This week I was planning on writing about the emerging food safety issues that we will likely be dealing with in 2012.


Then I looked at what I wrote last year and decided my ability to forecast what’s going to be important is not one of my strong suits. In the (going on) three years we’ve been doing this, the one thing I’ve learned is that food safety is not very predictable.

I mean, who among us at this point last year could have seen that an E. coli strain hardly anyone had heard of would be responsible for the deadly and damaging outbreak that O104:H4 brought the world in 2011?

So in lieu of predicting the future, I’ve decided to visit the future instead. I’m spending New Year’s weekend in the capital of the Republic — Austin, Texas.  

If you live in one of the other 49 states, where things are moving a little slower than they should, where too many people are looking for work and folks are in generally feeling a little down, a good way to feel better about the future is to come to Texas.

Now, I’ve not spent in a lot of time in Texas, but I’ve enjoyed every minute of every visit here.  This time, I am finding myself feeling better about the future because folks in Austin are so darn positive about what they’ve got going on.

And, remember, they are the liberals in a conservative state. With my food safety radar always on, I made a couple important discoveries about Austin.

First, they care about their food handlers here. I’ve not come across an after-hours party for card-carrying food handlers anywhere else. But that’s what they do here.

Second, Lone Star State law on establishment and food handler licensing are not at all pushovers.

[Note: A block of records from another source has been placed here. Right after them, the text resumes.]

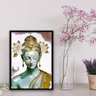 Quadro Buda Branco Com Dourado 24x18cm - com vidro:Madeira branca - 2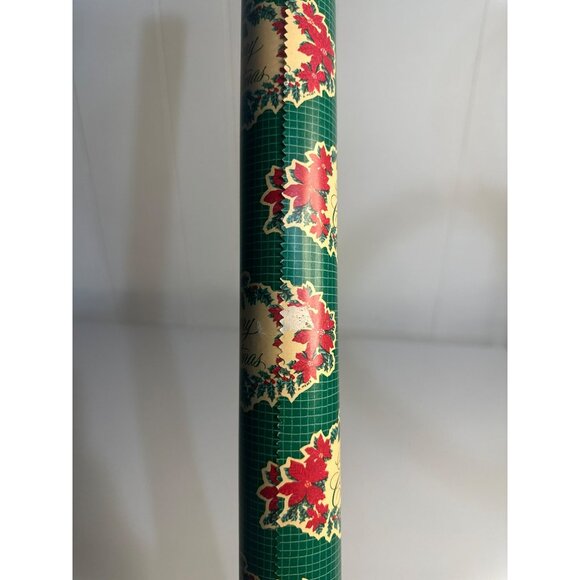 VTG Merry Christmas Wrapping Paper Roll With Festive Poinsettia Design Holiday - Picture 2 of 7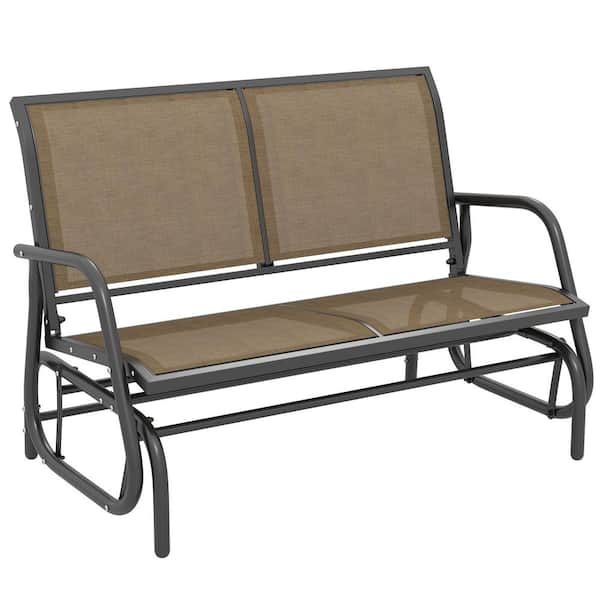 Outsunny Outdoor Glider Bench for 2 People Light Mixed Brown Color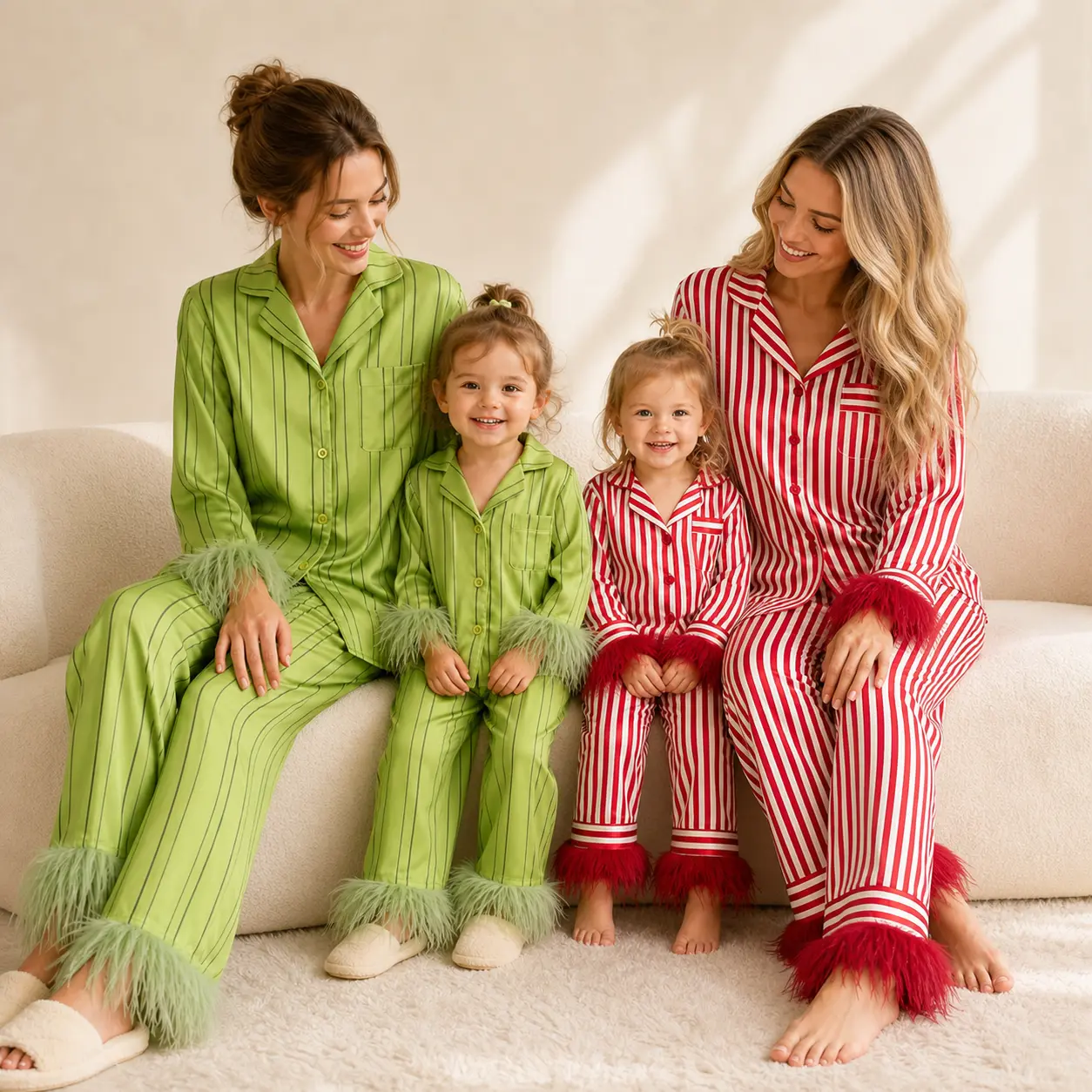Women's Fashion Parent-Child 2-Piece Striped Polyester Satin Pajama Set - Red White & Green Stripe Options, Notch Collar, Feather Trim, Long Sleeve Top, Matching Pants, Luxury Silk-Feel Sleepwear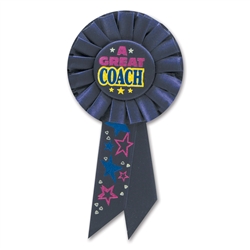 A GREAT COACH ROSETTE AWARD RIBBON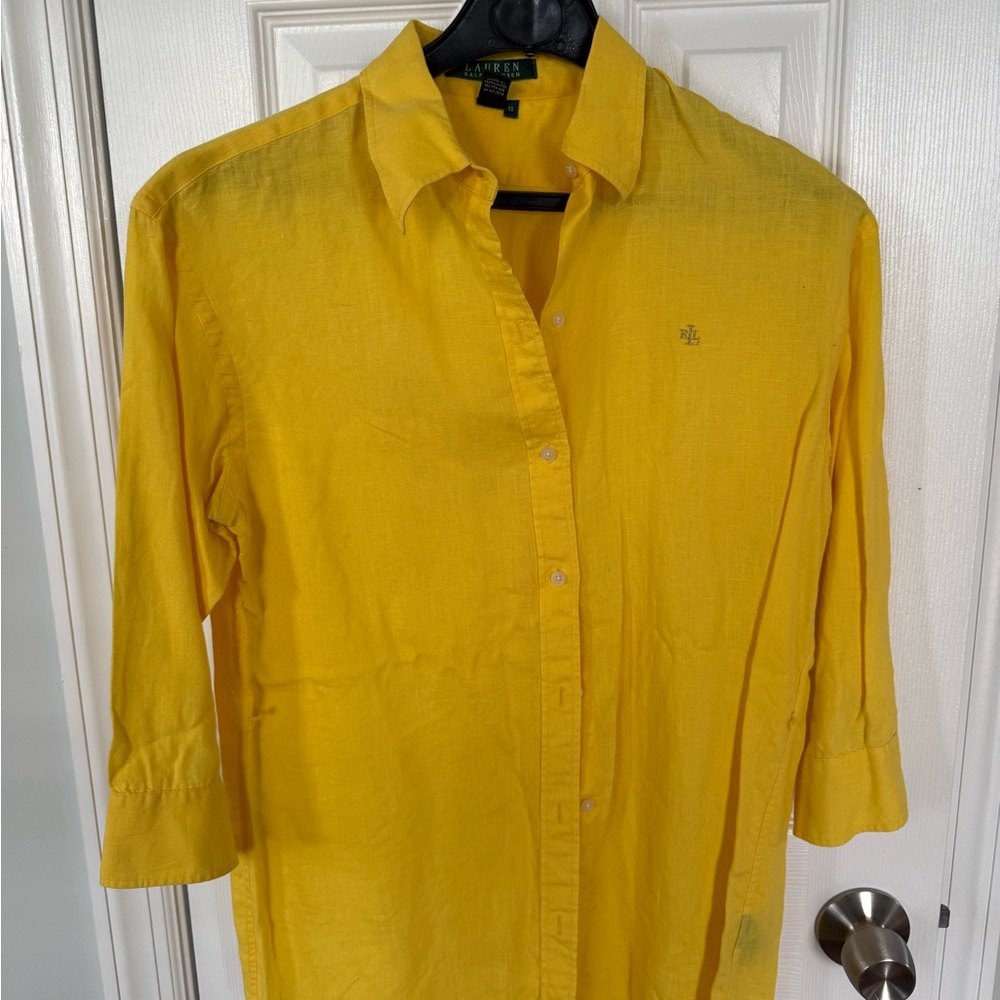 Ralph Lauren Women's Bright Yellow Linen Button-Down Shirt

There’s no quick, easy way to get a food handler license. You have to enroll in a 75-minute course and pay fees.

As for establishment licensing, Austin’s recent food truck ordinance is being used as model for others. The city has an estimated 1,600 food trucks and 5,000 brick and mortar establishments under its regulation.

And as we learned last year, the Texas Health Department has the power to shut down a food manufacturer, without the need to obtain a court order, if public health is in danger — as it did with SanGar Fresh Cut Produce in San Antonio.

Austin’s economy has many parts. Whole Foods is headquartered here. High tech companies stretch out to the suburb of Round Tree where Dell Computer is located. The University of Texas and government abound.

But all those food and beverage people, honored with their own party, are needed because of an Austin live music industry that has grown into a $1 billion a year industry.

And while it was probably LBJ’s support of the University of Texas that turned this place into the Silicon Hills, one man is also credited for the local music scene. He moved back to Texas after spending time in Nashville, which he felt was too constraining.

That’s why the street outside Austin’s new Moody Theater, home of “Austin City Limits,” longest running music show on television, is named “Willie Nelson Boulevard.”  He’s the $1 billion man.